九州大学医学研究科の林克彦教授らの研究チームは、マウスの卵子の発生に重要な8つの遺伝子を同定し、それらの遺伝子群をiPS細胞に導入することで、短期間に大量の卵子様細胞を作製することに成功した。この研究成果は、2020年12月16日付の英科学誌ネイチャーに掲載された。

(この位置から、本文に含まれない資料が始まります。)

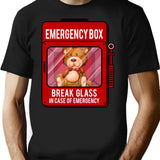 In Case Of Emergency Break Glass T-Shirt for Men & Women, T-Shirts Graphic Tee - Black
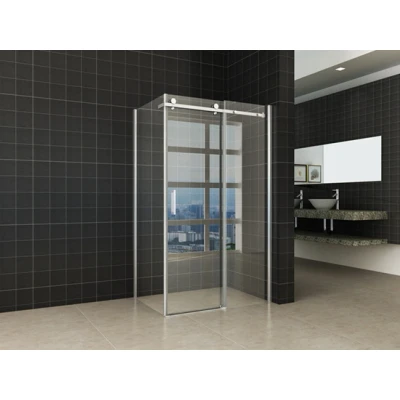 Afbeelding van Xellanz douchedeur + zijwand 1200x800x2000 chr.8mm NANO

卵母細胞は動物の卵子形成の元になる特殊な細胞であり、不妊治療の研究に多く用いられている。しかしながら、卵母細胞の発生メカニズムについては不明な点が多かった。チームは、幹細胞から卵子が形成される過程を詳細に解析することで、卵母細胞の発生に重要な8つの遺伝子を同定した。さらに、これらの遺伝子群をES細胞やiPS細胞に導入することで、受精能を持った卵子様細胞を作製することに成功した。一方で、今回作製した卵子様細胞は受精後に細胞分裂が止まるといい、正常な発生を再現することが今後の課題と言える。
本研究により、これまで数週間かかっていた卵子様細胞の誘導が5日間まで大幅に短縮できた。さらに、一度に作製可能な細胞数も10倍以上に増えた。これによって、卵子の形態形成機構の研究や不妊治療など生殖医療技術の開発が飛躍的に発展することが期待される。